FIG.13 is a cross sectional side elevation of the encoder of FIG. 12.

FIG.14 is a perspective view of a sliding plate used in the encoder of FIG.12.

FIG. 15 is a cross sectional view of the encoder of FIG. 13 at line F--F.

FIG.16 is a perspective view of a conventional rotary encoder with push switch.

FIG.17 is a cross sectional front elevation of the conventional encoder of FIG.16.

FIG. 18 is a cross sectional side elevation of the conventional encoder of FIG.16.

FIG.19 is a perspective view of a rotary disk and a clicking spring used in the conventional encoder of FIG.16, used for explaining the mutual relationship between the two items.

FIG.20 is a partially cut-away plane view of the conventional encoder of FIG. 16, used for explaining the rotating operation.

FIG.21 is a partially cut-away plane view of the conventional encoder of FIG. 16, used for explaining the horizontal operation.

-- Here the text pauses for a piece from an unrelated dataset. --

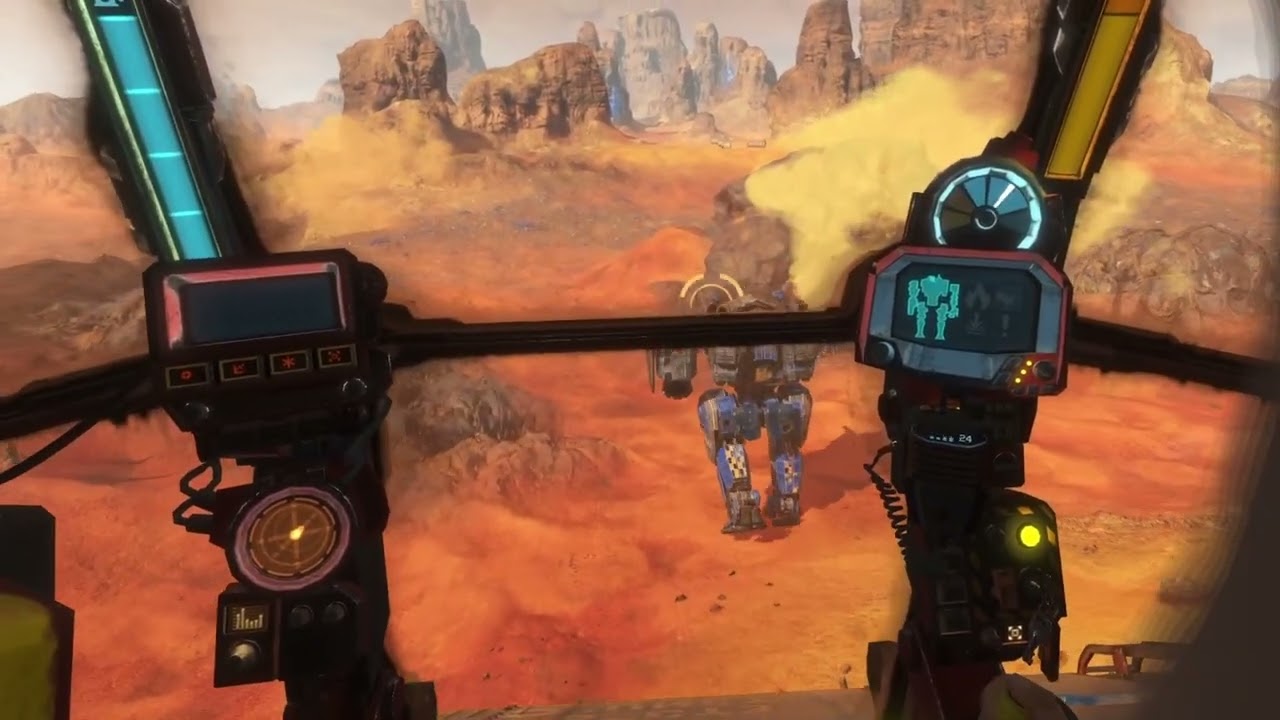 VOX MACHINAE in VR - First mission Donny gone rogue and needs sorting..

DESCRIPTION OF THE PREFERRED EMBODIMENTS

Exemplary embodiments of the present invention are described in the following with reference to drawings, using a rotary encoder with built-in push switch as the vehicle.

Embodiment 1

In a rotary encoder with push switch of embodiment 1 as shown in FIG. 1 and FIG. 2, a revolving contact-points board 2, which functions as movable contact-points for the rotary encoder and the push switch, is attached on a fitting substrate 1, whose function being fixed contact-points. The revolving contact-points board 2 is provided with a round operation knob 3 fixed on it for driving, and is held revolvable by a pillar shaft 4 inserted through a center hole 2A. The revolving contact-points board 2 is slidable in a horizontal direction too on the fitting substrate 1 in the front-rear direction, and is being pushed to the front by a push back spring 5.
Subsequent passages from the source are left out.